I found a situation today in which it would have been much much easier to have vim on hand than the available Windows tools (notably Notepad and Wordpad). I was helping my roommate’s boyfriend in his job search, and IE was acting up: clicking on a particular set of links within a job-posting page didn’t work (the JavaScript app was buggy, I think), so I had to go into the HTML source, copy out the URL for each job, and open that URL manually. Each URL was embedded inside a JavaScript function call that looked something like
foo('URL', arg1=a1, arg2=a2, ...,argN=aN) With a tool like sed, I could have just done some regular-expression magic on this: the single sed command sed "s/foo('([^']*)/\1/g'" would grab all the URLs of the appropriate form. (I may have the details slightly off, but that’s about it.) Windows has no such pattern-matching facility. Microsoft Word has some rudimentary matching, but it’s nothing like a full regular-expression search.
Or within vim, I could just go to the source code directly, go to the first ', then select all the text up to the next '. Again, trivial. It would have saved me at least 10 minutes of effort today. It’s a very basic thing to ask for, actually: the ability to select text, combined with the ability to search for a pattern. Shouldn’t you be able, in Microsoft Word, to “select all text up to the next occurrence of the word ‘foo’”? Seems like a reasonable demand to me. You may complain about the Unix syntax, but syntax isn’t the issue here: it’s pure functionality that Windows lacks.
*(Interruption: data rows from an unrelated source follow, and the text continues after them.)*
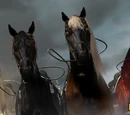 Four Horses of the Apocalypse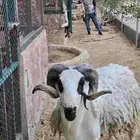 فحل صردي مغربي اصيل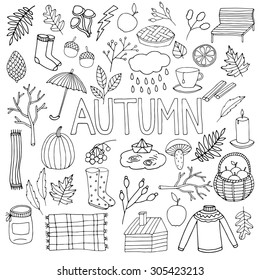 Hand drawn autumn elements set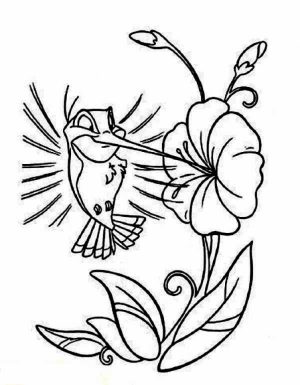 Hummingbird Coloring Pages Free Printable   56449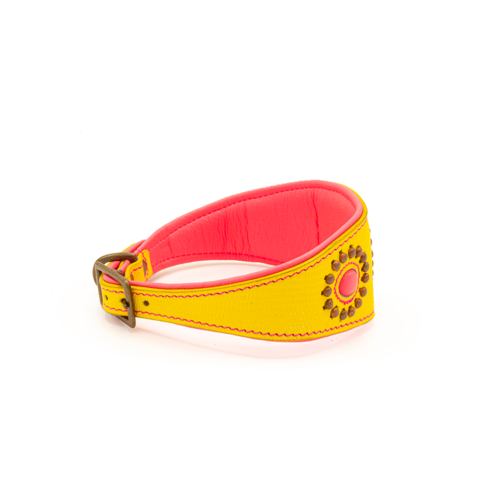 Jessy Halsband Windhund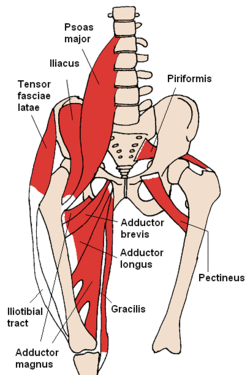 psoas-major-muscle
Or yesterday, using Microsoft Word at work, I found myself really needing regular expressions: I had copied in a whole lot of seven-digit numbers, and I wanted to quickly make them all pretty by putting commas around digit groups. This would have been trivial in Perl:
perl -p -i -e 's/(\d)(\d\d\d)(\d\d\d)/\1,\2,\3/g'
It may seem obscure, but it’s like mathematics: it’s a notation designed to compress the maximum amount of meaning into the fewest characters. And once you’ve used one Unix command, you’re quite often ready to use a lot of others: the Perl, sed, and vim syntaxes (syntaces?) all use more or less the same commands to substitute one pattern for another. (Which you’d expect, given that geeks who grew up on the first two developed the third.)
The big secret with Unix, I’ve discovered, is that there may be an enormous fixed cost, but once you’ve learned the tricks they’re yours forever and your marginal-cost savings are huge. Over a lifetime, the accumulated ten-minute savings here and there amount to a lot.
But again, if people don’t get it, there’s not much one can say that will make them get it. They’ll just have to learn it on their own.